■ Directions
Exact transcription of the data below is required, without the images.

■ Collected material
.....

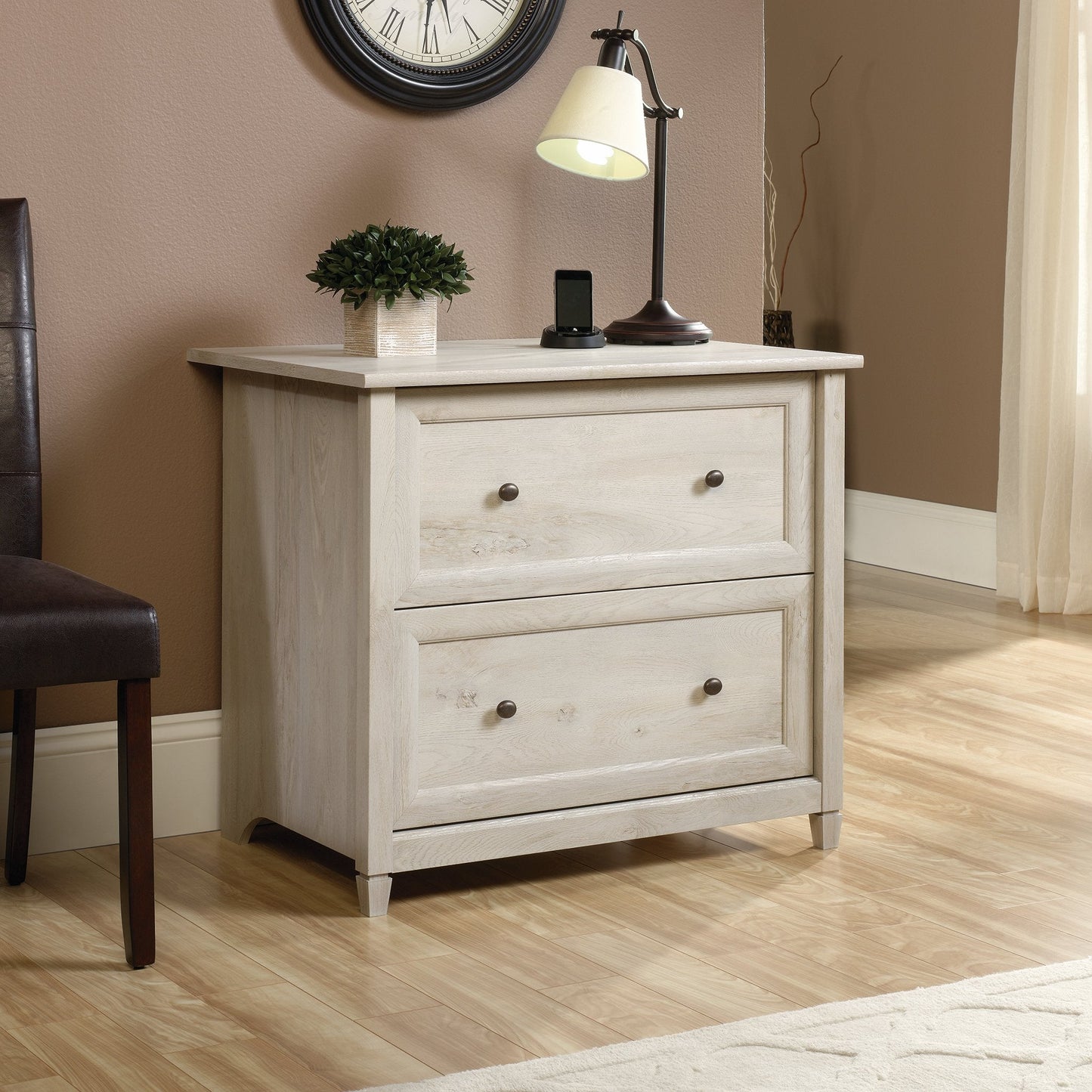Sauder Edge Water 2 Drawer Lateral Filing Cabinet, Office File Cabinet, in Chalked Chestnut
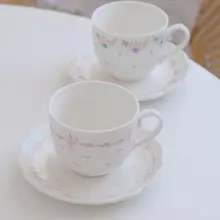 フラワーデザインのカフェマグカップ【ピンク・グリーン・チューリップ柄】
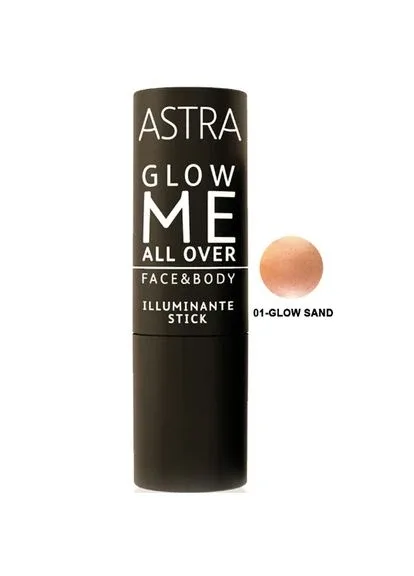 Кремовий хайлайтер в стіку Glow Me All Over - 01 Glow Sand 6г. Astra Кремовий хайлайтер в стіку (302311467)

.....

■ Your response
Sauder Edge Water 2 Drawer Lateral Filing Cabinet, Office File Cabinet, in Chalked Chestnut
 フラワーデザインのカフェマグカップ【ピンク・グリーン・チューリップ柄】
 Кремовий хайлайтер в стіку Glow Me All Over - 01 Glow Sand 6г. Astra Кремовий хайлайтер в стіку (302311467)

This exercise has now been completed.